The CHAIRMAN. That statement will appeal to a great many people who regard only the commercial considerations involved, but there is also a large and respectable body of people who would like to know whether the continuing of these facilities will promote the operation and maintenance of the canal.

Col. WILSON. It will unquestionably, in my opinion, promote the efficient operation of the canal. Ships coming from Europe and ships bound for the United States must undoubtedly renew their meat supplies and ice supplies somewhere. It takes up to much expensive room that could be used for cargo for refrigerating space, and many of them have no refrigerating space or ice machines to bring large amounts of these things with them.
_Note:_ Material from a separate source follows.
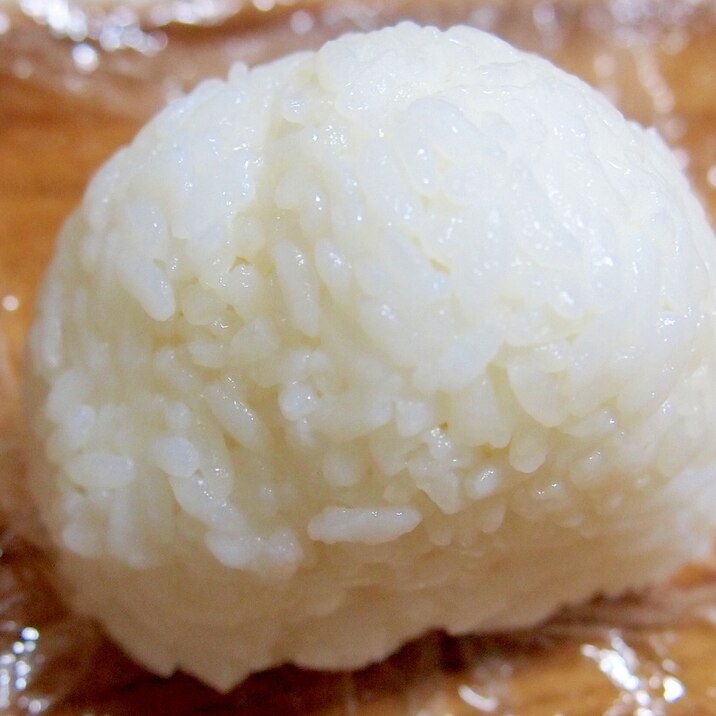 納豆とたくあんのおにぎり レシピ 作り方 By まるっとまる 楽天レシピ 納豆とたくあんのおにぎり レシピ 作り方 By まるっとまる 楽天レシピ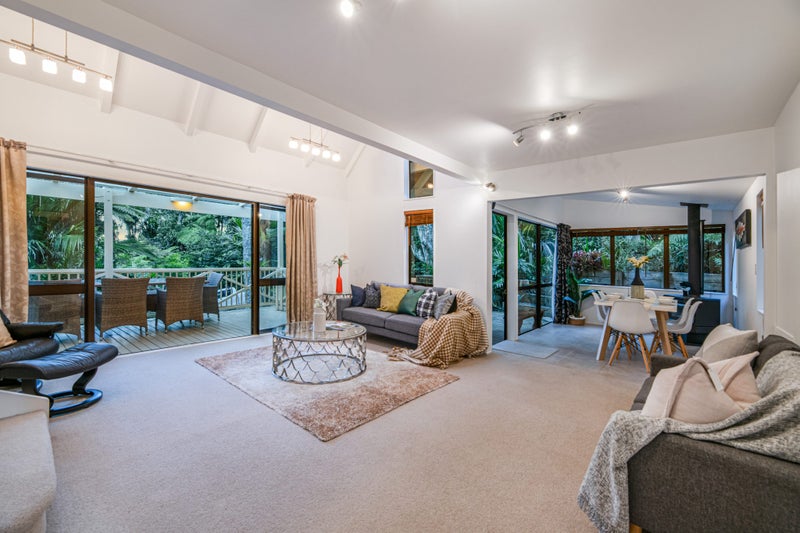 576C South Titirangi Road, Titirangi, Auckland - Carousel 2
They must know when they come here that they will find such supplies at reasonable prices. If it is important to know, they can cable ahead and find out what they can obtain and the prices at which they can purchase, so there will be no uncertainty about the food supplies for their ships. A steamship coming in here will have no time to send a steward around town to find out where he can obtain supplies. In this case we can ship the material here in cargo lots and deliver it to the ships as they tie up for passage through the locks. In the matter of cold-storage supplies there is no room here for two concerns; it would not pay two concerns to operate cold-storage plants here and divide the business. There is only business enough for one.

The CHAIRMAN. Now, you come to a point we will have to consider. Some people insist that this is something we should not do unless it is absolutely necessary.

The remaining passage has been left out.